Custer y Toro Sentado: dos cabalgan juntos… pero no revueltos
La banda ensayaba “Barras y Estrellas”. Los fuegos artificiales iluminaban la noche, y los norteamericanos se echaban por miles a la calle para celebrar el centenario, para celebrar el progreso, y recordar a Washington, a Franklin, a Jefferson, incluso al francés amigo, Lafayette.
América era ... joven, pero ya tenía a la espalda un hermoso y a menudo heroico pasado. Todo era alegría, canciones patrióticas, zarzaparrilla y bourbon en las Trece Colonias. Los yanquis soplaban las velas de su primer siglo, sin saber que lejos, muy lejos, allá en la frontera del Lejano Oeste, en las Colinas Negras (entonces Montana, hoy parte de Dakota del Sur y Wyoming) los pieles rojas de Caballo Loco y Toro Sentado habían llevado a cabo una terrible escabechina entre los casacas azules, tan sólo ocho días antes, el 25 de junio.
Leyenda e historia
El general Custer, aquel centauro de Ohio, y el Séptimo de Caballería habían sido diezmados por los indios en Little Big Horn. Aquel hito (aunque desastroso) de la historia estadounidense, recreado en películas (quién no recuerda a Errol Flynn, melena al viento, al galope, en “Murieron con las botas puestas”, de Raoul Walsh), en libros (magnífico, por ejemplo “La marcha al Valhalla", de Michael Blake, Ed. Martínez-Roca), en canciones, en souvenirs, es revisitado ahora por Nathaniel Philbrick en “The Last Stand: Custer, Sitting Bull, and the Battle of the Little Bighorn”, quien se acerca a la leyenda pero sin olvidar la verdadera historia, tal y como publica The Times. Páginas adornadas en oro por la mitología popular, cuando, como sugiere Philbrick, no era oro todo lo que pareceía relucir en esas remotas tierras aquel día de verano.

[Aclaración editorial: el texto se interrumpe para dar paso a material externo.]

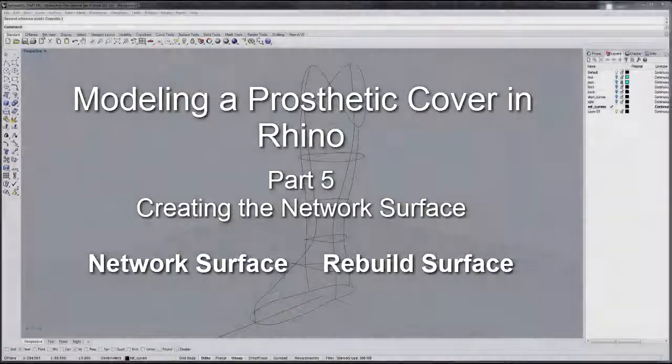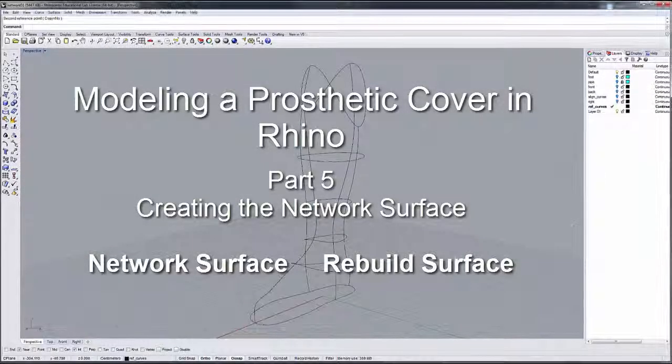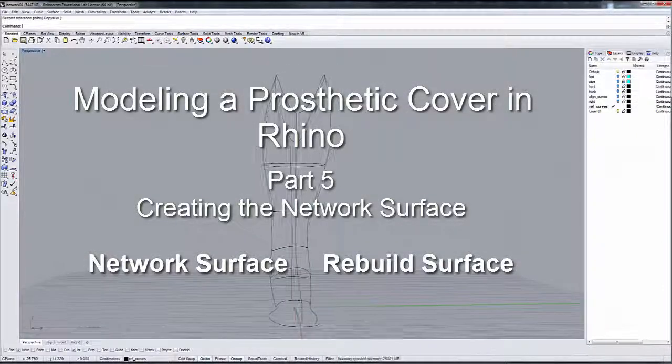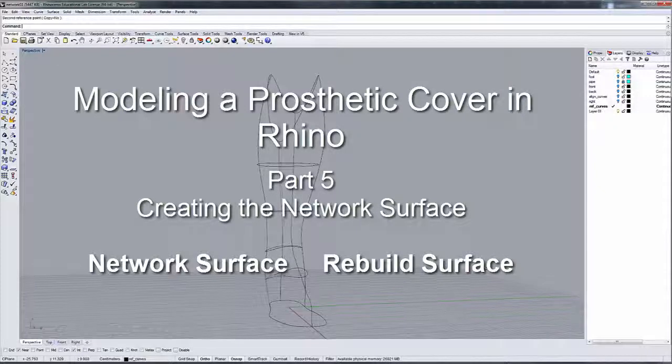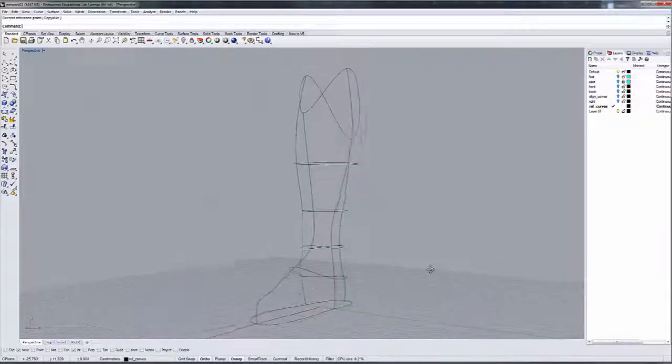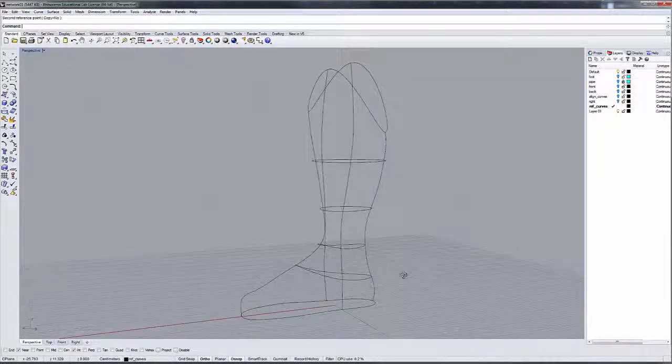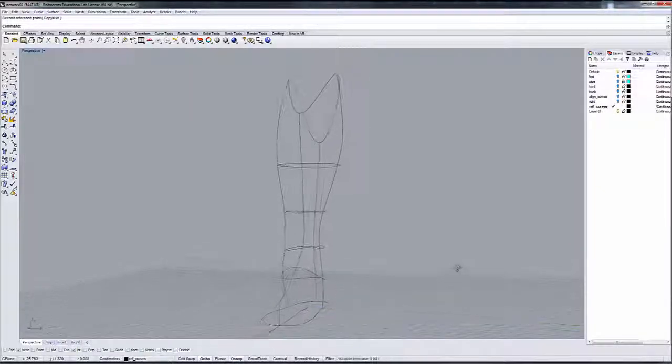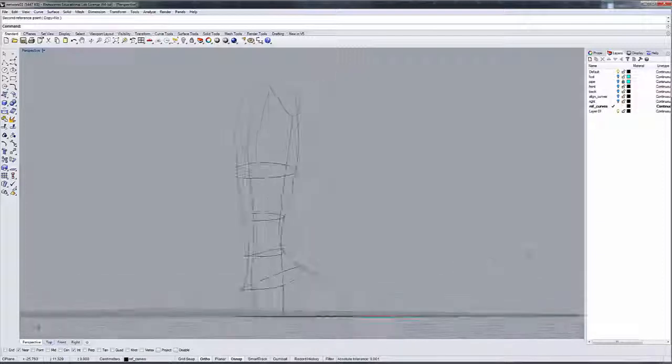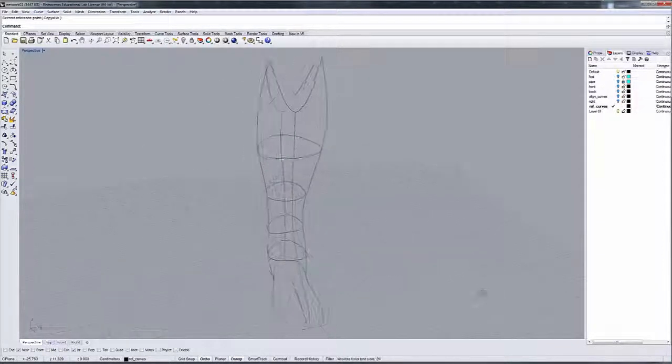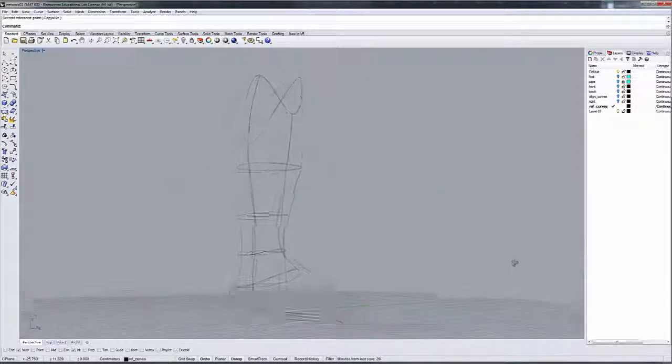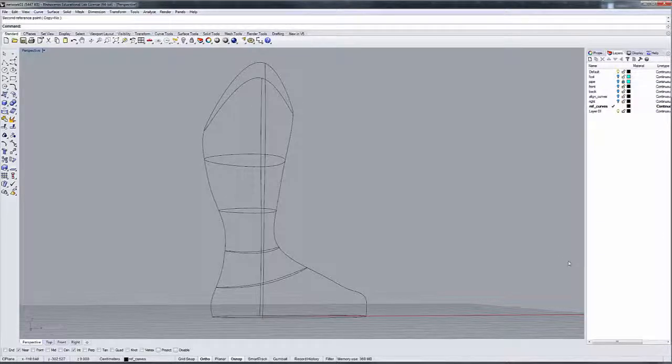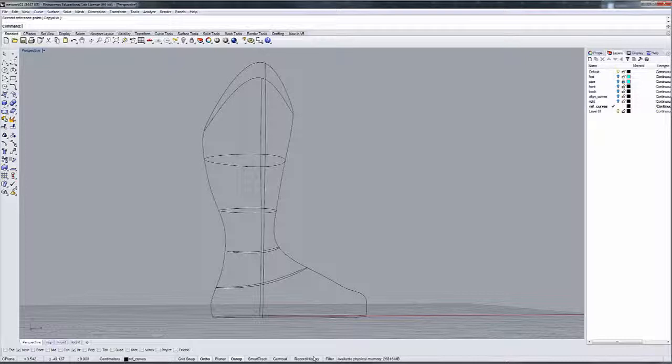Okay, we're going to create our network surface, which we're going to use to create our boot last. What we're going to do is actually leverage our record history command to allow us to refine the initial shape.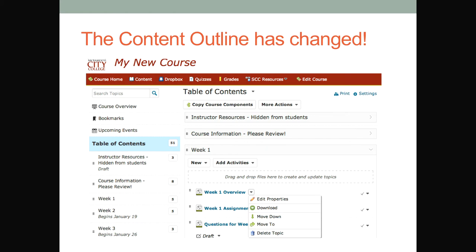The term 'hidden' is now called 'draft.' So you'll see things marked as draft, which means you're seeing them but students aren't. You can make things draft, publish them, then unpublish them and go back to draft. It's just a change in the terminology they're using.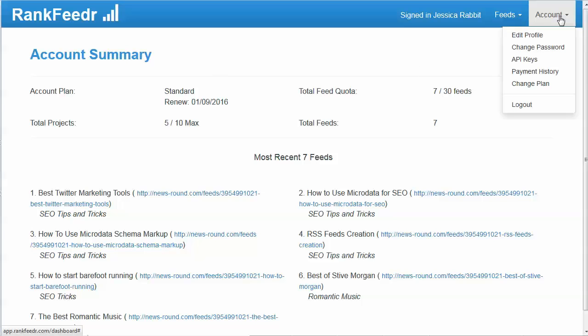You can also edit your profile under the accounts menu, change your password, and get your API keys from the dashboard if you want to integrate with another software that supports integrations with Rank Feeder. You can also look at your payment history to see when your last payment was.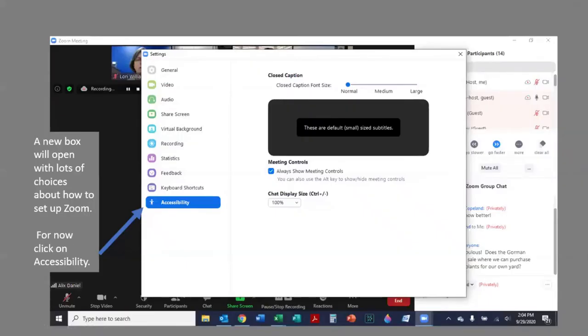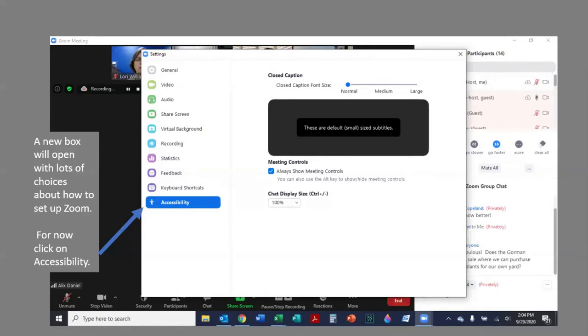Once you click that audio settings information, a new box will open that has lots of choices about how to set up Zoom. For now, we're going to focus on the accessibility tab. In this illustration, it's currently highlighted blue and there is a blue arrow pointing to it. When you first open your Zoom settings box, the general tab will be open and that word will be highlighted in blue. Go to accessibility and click on that word.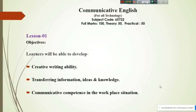We are on lesson one. The objectives of this lesson are: completing this lesson, you will be able to develop creative writing ability; you will be able to transfer information acquired from your academic activities; you will be able to transfer your ideas and knowledge; and you will be able to develop communicative competence confidently in workplace situations.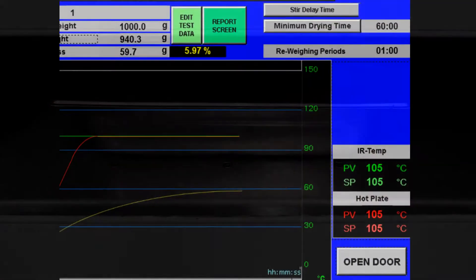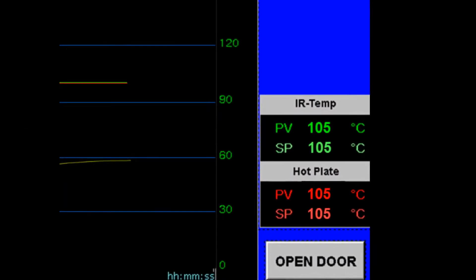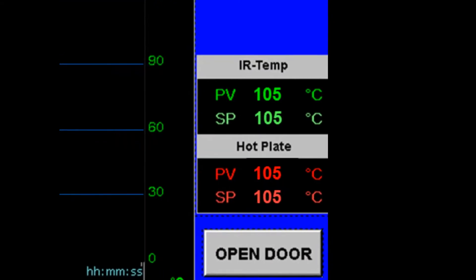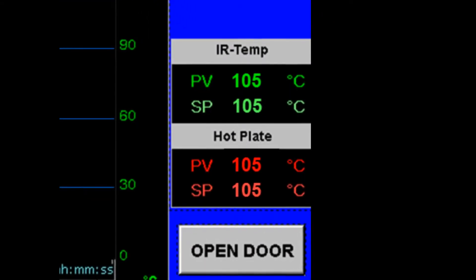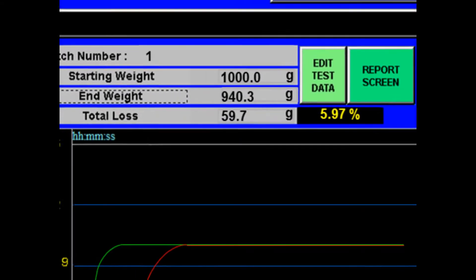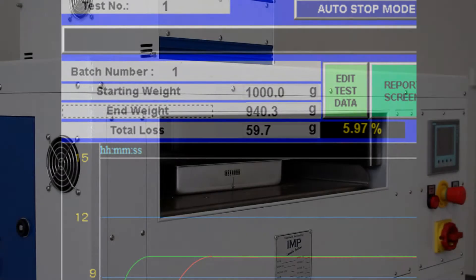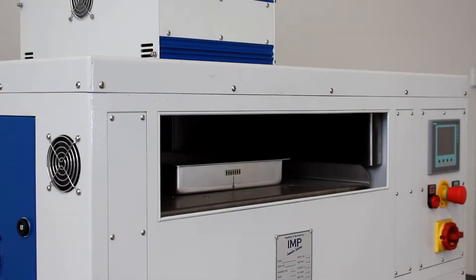During the entire process, the user is able to monitor the temperature of the infrared lamps and the hot plate as well as the current mass of the sample. This is achieved through the addition of a load cell in the RD20.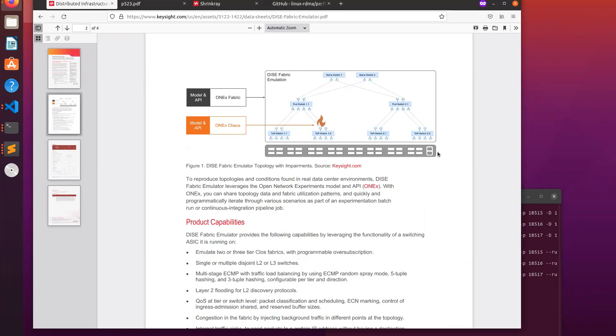You don't need to set up, connect, and manage eight different physical switches, and you don't need to rewire them every time you want to try something different. Anything you can do with this network of switches, you can do with this one box. We call it the DICE Fabric Emulator.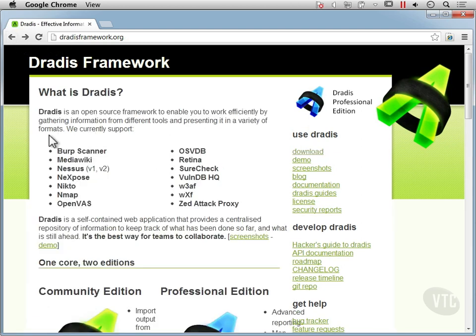You can see here it supports Burp Scanner, Nessus, Nexpose, Nikto, Nmap, OpenVAS, OSVDB, Retina, SureCheck, and a number of other tools that are pretty common in doing penetration testing or ethical hacking.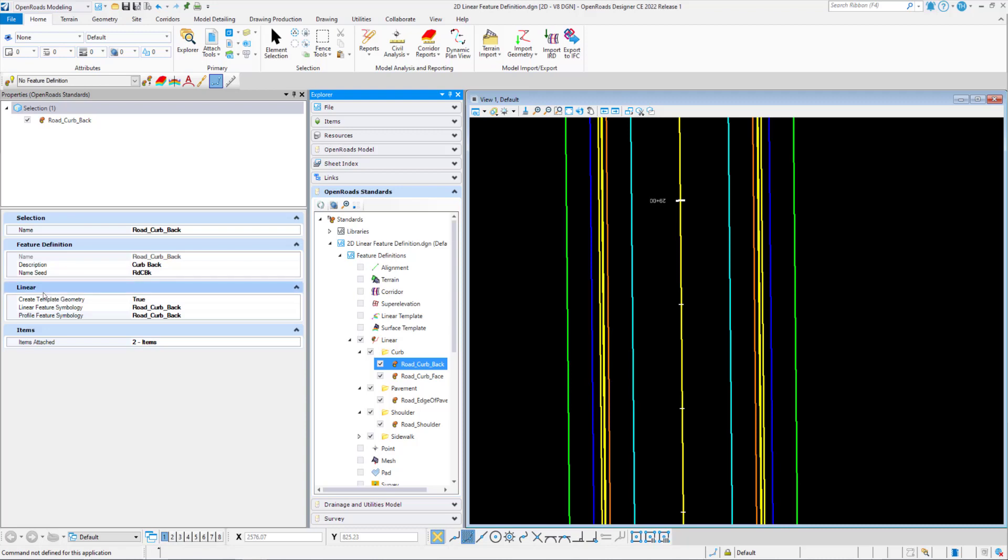If we move on to the linear tab, we have three parameters as well. We have create template geometry, linear feature symbology, and profile feature symbology.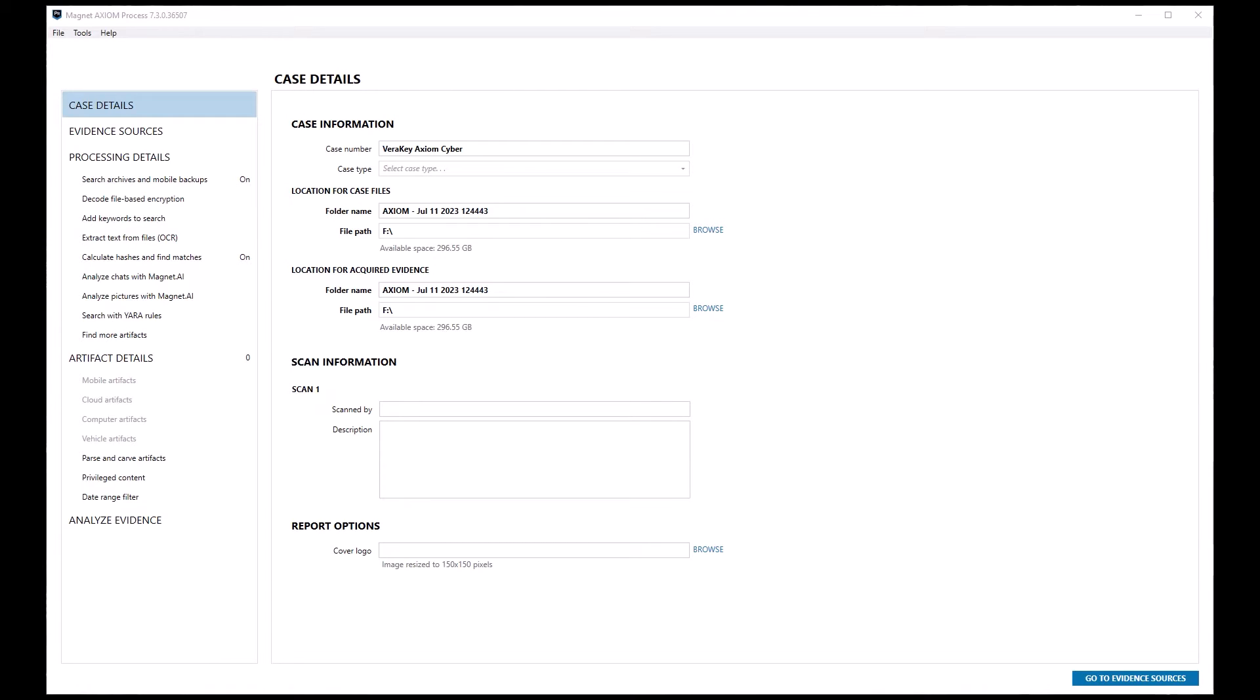With Axiom Cyber open, we'll go ahead and create a case and give that case a name and browse to a folder for case files and acquired evidence locations. Then we'll move on to our evidence sources.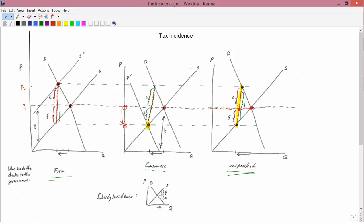It's easiest to answer using the right-hand diagram: how does the amount of tax that consumers versus firms pay change when one of these curves becomes steeper or flatter? For example, if the demand curve were a lot flatter, then for the same amount of tax you'd have to go farther to the left, meaning consumers would only pay a little bit and firms would pay a lot. When the demand curve is really flat — meaning consumers are very sensitive to price — firms end up having to pay more of the tax burden.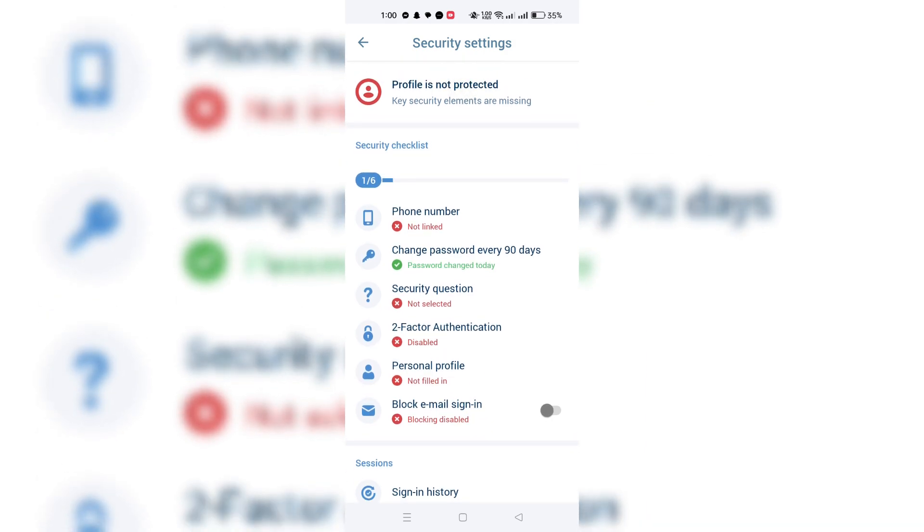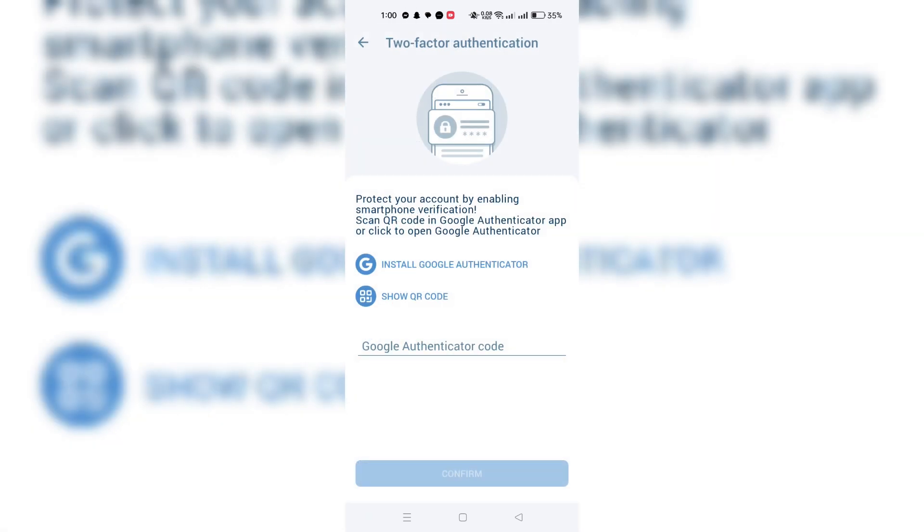You will likely be asked to confirm the removal of the authentication key. This step usually requires you to enter your current password for security purposes. Enter your password as prompted.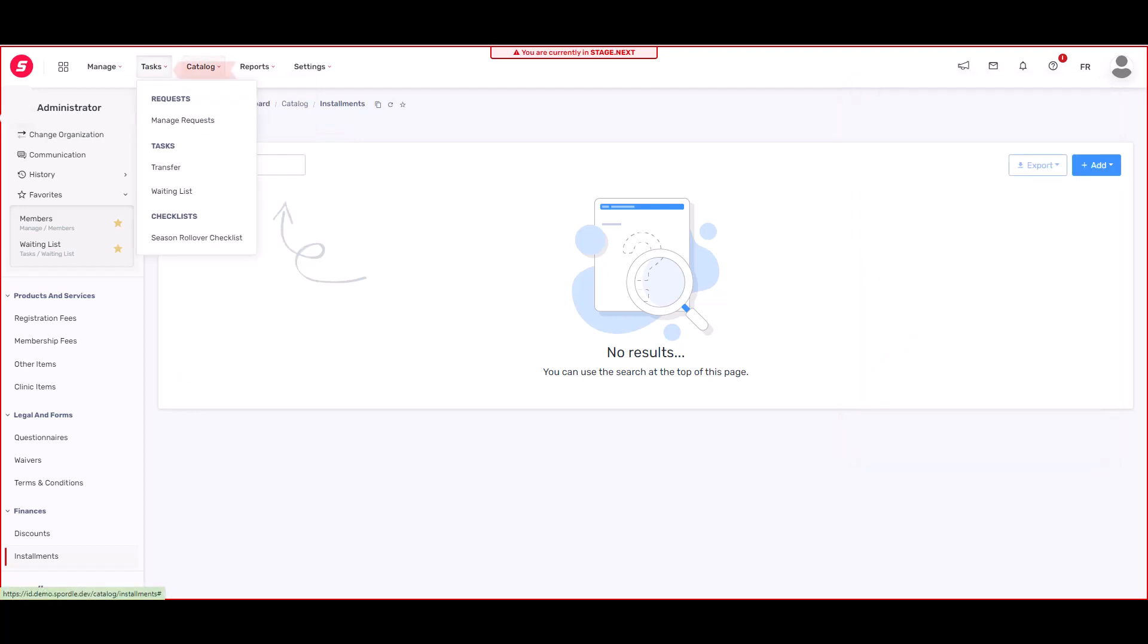Now let's explore the task menu. From here, you'll be able to manage your requests from organizations. You'll be able to approve transfers, manage waitlists, and finally you have the season rollover checklist to ensure that you have everything ready for the new season.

Custer ni siquiera era general, realmente su cargo era el de teniente coronel, y su paso por West Point había sido penoso, aunque siempre fue un excelente jinete
Enfrente, el Séptimo de Caballería también tenía a dos hombres del pasado. Caballo Loco y Toro Sentado. Dos tipos duros de la Nación India que no querían ni hablar de pactos ni de reservas. Para ellos, las Colinas Negras eran sagradas, intocables, la esencia de su pueblo. Caballo Loco era un valiente jefe militar. Toro Sentado, un ideólogo, la piedra filosofal, el depositario de las creencias seculares, alguien que aún soñaba con la permanencia de un mundo de búfalos (ya en total extinción), exterminados por los winchester de los blancos), de praderas, de nomadeo, sin la presencia terrible y endemoniada del Caballo de Hierro, el ferrocarril. Pero Toro Sentado acabó muriendo en una reserva tiroteado por un policía indio. Antes, había sido paseado por toda América como un figurante del show de Buffalo Bill. Fueron dos hombres y un destino, el destino, a sangre y fuego, de la forja de Norteamérica.